I have a patch that prevents the ndbd (and hence cluster) crash as well as mysqld from crashing.

The bank test still doesn't seem to go too well, so there are probably other bugs (there are also still valgrind warnings).

Since I am no expert on suma, i'm wanting to discuss the patch before checking anything in.
[27 Jun 2005 7:29] Bugs System
A patch for this bug has been committed. After review, it may
be pushed to the relevant source trees for release in the next
version. You can access the patch from:

  http://lists.mysql.com/internals/26431
[27 Jun 2005 12:44] Stewart Smith
Tomas believe that ignoring the error is ignoring the symptom of a larger problem, and that if we do get this signal, it is because something is seriously wrong somewhere else (quite possibly corrupted in bad ways) and we really should not continue.

Currently looking for the api source of the problem.
[6 Jul 2005 2:26] Stewart Smith
Can no longer repeat with latest BK plus
bk commit - 5.1 tree (stewart:1.1984) WL#2325

which seemed to fix things up on ppc.
[14 Jul 2005 7:35] Bugs System
A patch for this bug has been committed.
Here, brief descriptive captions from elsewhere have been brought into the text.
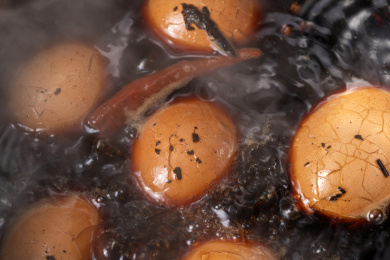 正在沸水中煮制的传统小吃茶鸡蛋特写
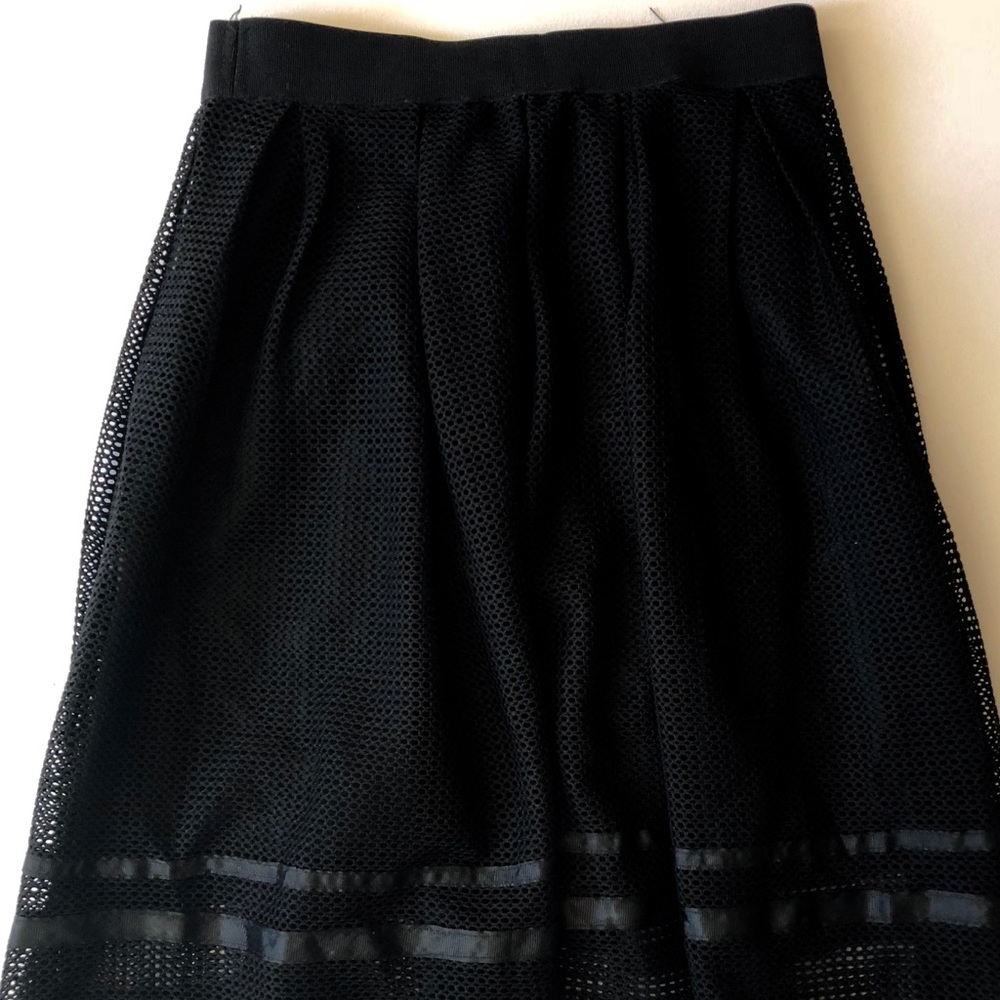 Lovely stretchy skirt mid length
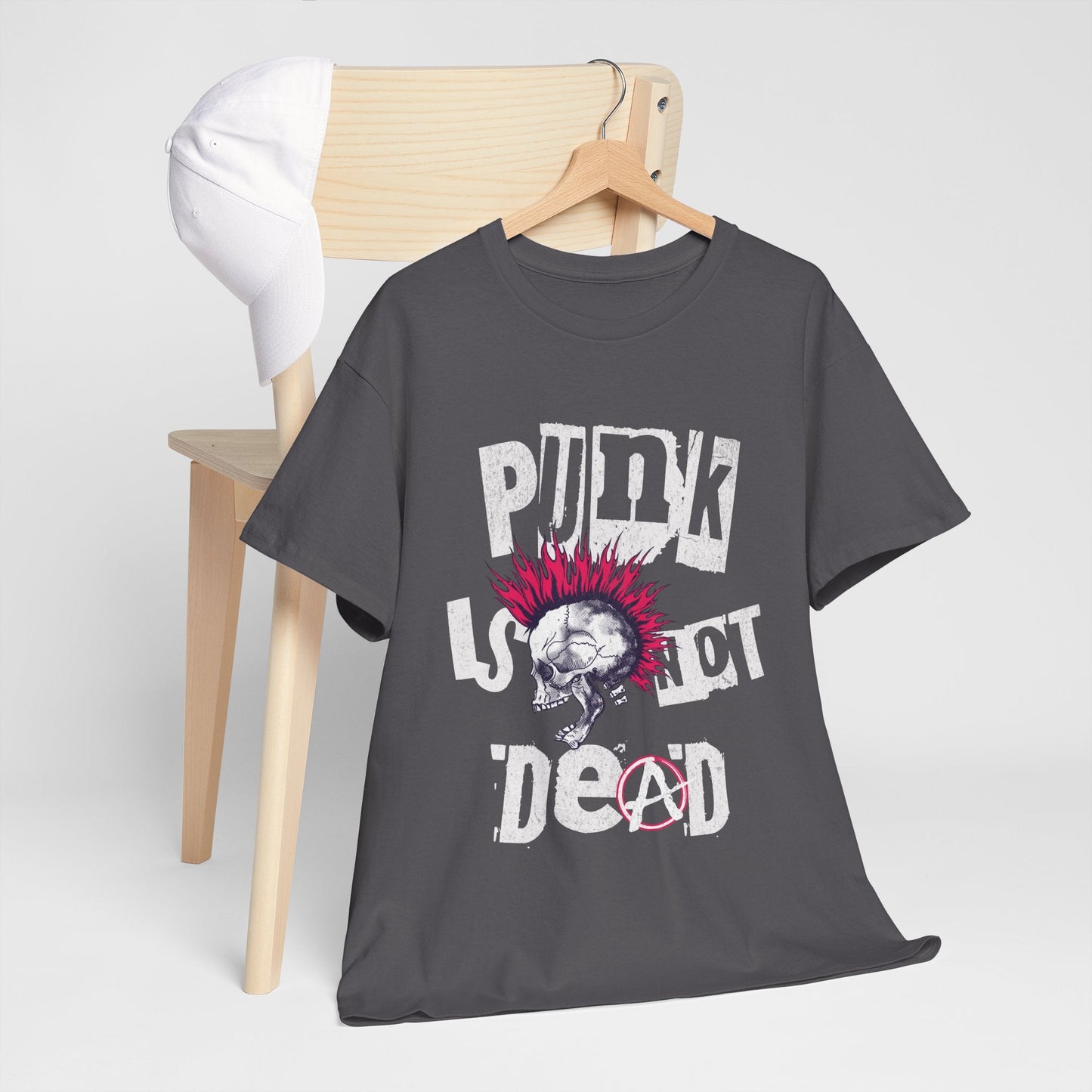 Punk Is Not Dead | Mohawk hodeskalle t - skjorte - T-Shirt - Iskyns.no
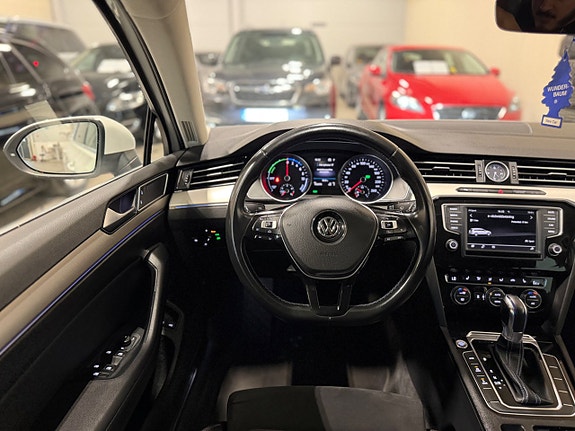 Volkswagen Passat 15 of 24
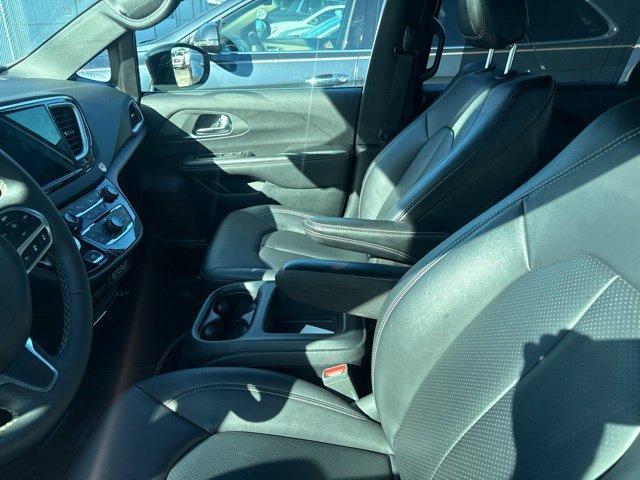 Used 2025 Chrysler Pacifica Select FWD image 13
After review, it may
be pushed to the relevant source trees for release in the next
version. You can access the patch from:

  http://lists.mysql.com/internals/27048
[22 Jul 2005 12:07] Stewart Smith
Pushed to 4.0.26, 5.0.11. Can only reproduce with cluster replication though (5.1).
[22 Jul 2005 12:32] Stewart Smith
Clarification: only the second patch was pushed. First one deemed inadequate.